Eu, Késia e Jorge trollados pela porção para 1 pessoa que na verdade dava para pelo menos 4 comerem.

Depois do almoço fomos levados ao Levine Children’s Hospital, um hospital pediátrico que cuida de crianças desde o nascimento até a fase adulta e oferece mais de 30 serviços especializados, o que faz com que seja reconhecido como o melhor da região.

Quem me conhece bem sabe que eu sempre quis ser médica e trabalhar com crianças, então, foi impossível segurar a emoção durante a visita. Assim que entrei naquele lugar, soube que era lá que eu queria trabalhar por pelo menos um dia de minha vida.

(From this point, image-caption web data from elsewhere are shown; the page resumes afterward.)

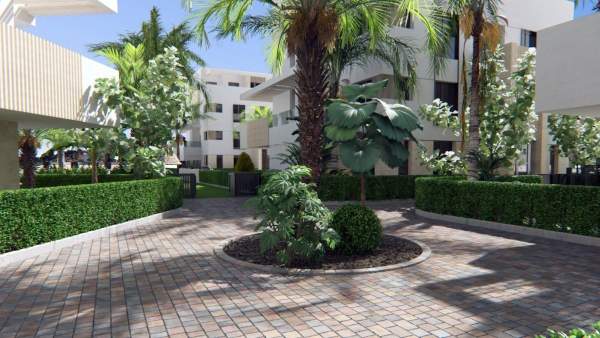 NIEUWBOUW APPARTEMENTEN IN PRIVE-GATED RESORT IN DE PROVINCIE MURCIA-5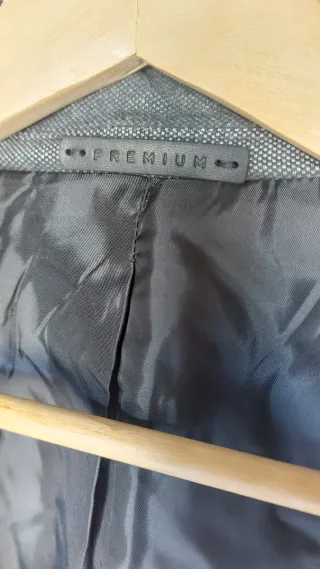 Americana Jack & Jones Gris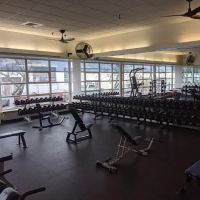 McChord Fitness Center ico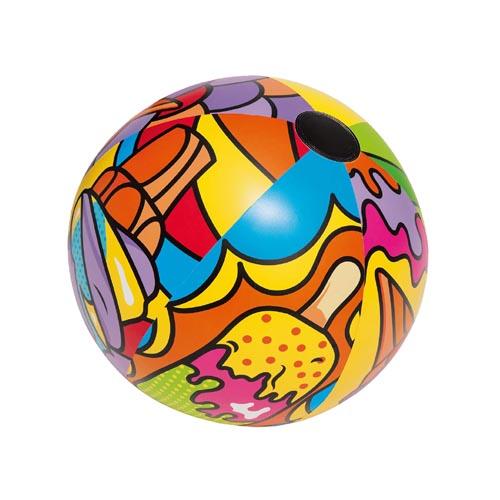 Poupée ballon de plage Bestway | Env. 91 cm (31044)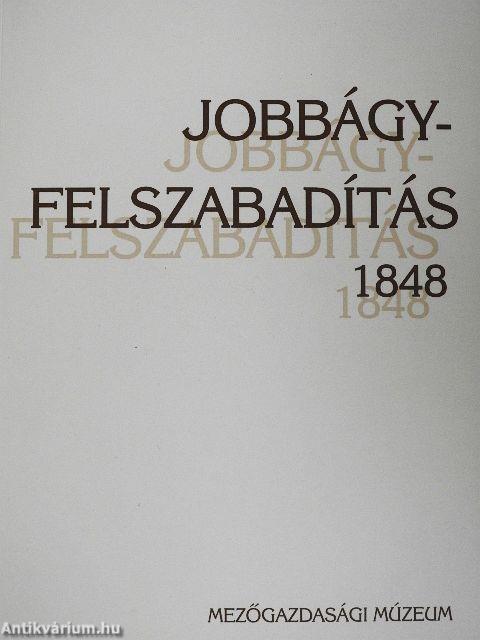 Jobbágyfelszabadítás 1848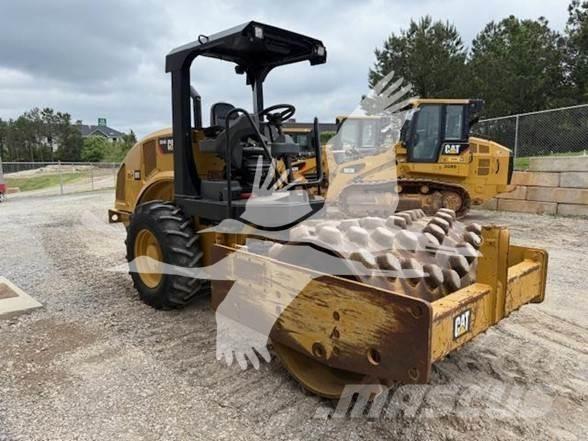 CAT CP44B Trilrolwalsen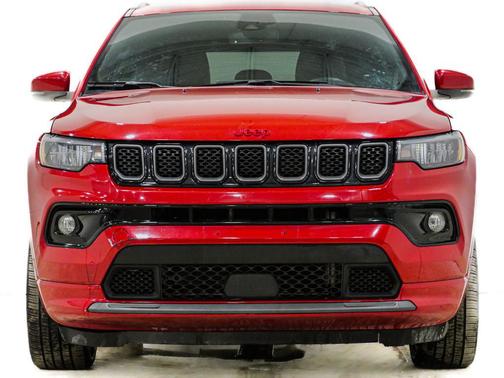 2023 Jeep Compass (RED) Edition 4x4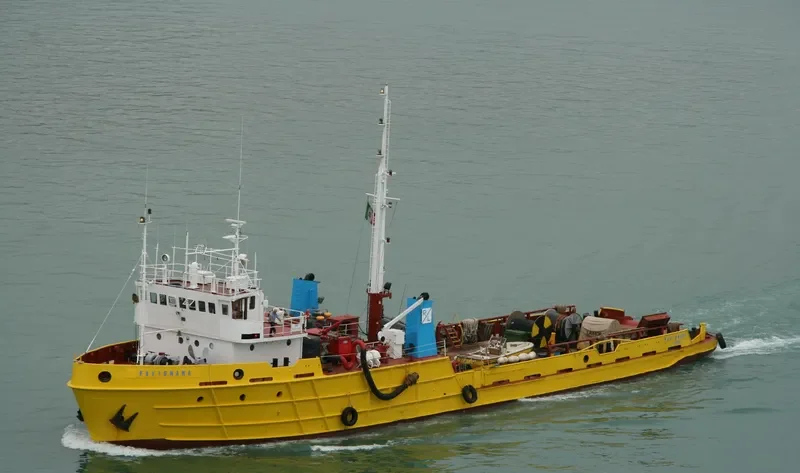 DON ANGELO Offshore Vessel IMO 7114795 photo 10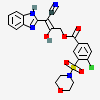 an image of a chemical structure CID 135466286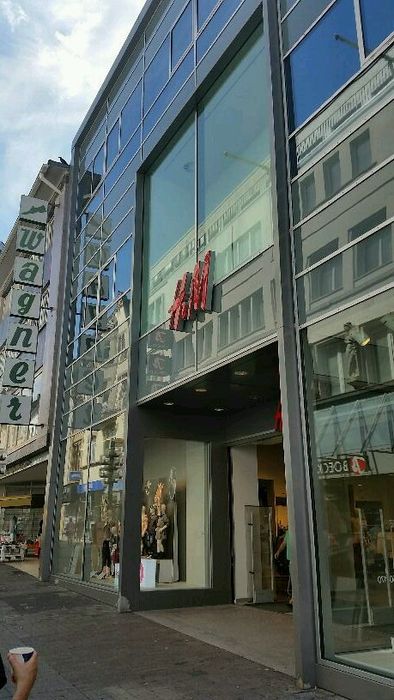 H&M Hennes & Mauritz - 5 Bewertungen - Bad Kreuznach - Mannheimer Straße |  golocal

Pela fachada do prédio já podemos constatar que não se trata de um hospital comum. É impressionante como tudo lá foi projetado pensando no bem estar das crianças. O ambiente tem como objetivo capturar a atenção da criança, estimular sua imaginação, e – finalmente – promover uma pensamento positivo quanto a cura. A decoração é diferente, o cheiro é diferente… Nada ali lembra um hospital. Isso evita as reações comuns às crianças na hora de entrar num hospital: choro e a tristeza fruto da recordação da doença.

entrada do hospital

Além disso, os 234 quartos disponíveis para a internação de crianças que necessitam de maiores cuidados são amplos e possibilitam a estadia do responsável junto ao seu filho. Há também a constante visita de atrações infantis para fazer shows, divertir e entreter as crianças. Todas as crianças que vi pareciam estar felizes; lá dentro elas realmentes esqueciam que estavam doentes e isso fez aparecer em meu rosto um sorriso em meio a todas as lágrimas que caíam. A propósito, eu era a única pessoa chorosa por lá.

Se eu tivesse que fazer uma lista dos cinco melhores momentos da minha visita a Charlotte, este, com certeza, seria o número um.

Depois fomos a International House e recebemos um publico enorme para assistir nossa apresentação sobre o Brasil. Falamos de muitos aspectos da cultura brasileira, ensinamos samba e algumas palavras básicas em português e ainda fizemos uma apresentação de maculelê. No final, a Valentina falou um pouco sobre sua experiência no Brasil e depois abrimos para perguntas, que foram todas muito inteligentes e respeitosas.

ajustes finais (e minha irmã assustada com a bagunça que estávamos fazendo)

ensaiando…

yep

i just loved that plaque with my name and a brazilian flag!

ao final, na parte de perguntas e respostas

finally done!

Quando terminamos, muitas pessoas vieram falar com a gente em particular. Recebemos muitas felicitações do público e alguns até disseram que ficaram com vontade de visitar o país, o que fez com que nos sentíssemos orgulhosos da apresentação. Algumas dessas pessoas também agradeceram por proporcionarmos uma “expansão de horizontes”, já que muito pouco se sabe sobre o Brasil no exterior. Foi bem legal e tudo correu muito bem, até melhor do que imaginávamos! Todo o trabalho e preparação meses antes da viagem valeu a pena!

Seguimos para a casa da nossa líder, Anna, para uma Salsa Party. Delícia! Essa festa serviria também como uma festa de despedida antecipada (o que não é tão delícia assim). Jantamos, dançamos, contamos muitas piadas podres e recebemos nossos diplomas :’)

yummy

we were so happy and proud!

forever! no matter how far from each other we are now, we will always be the greatest Charlotte team ever!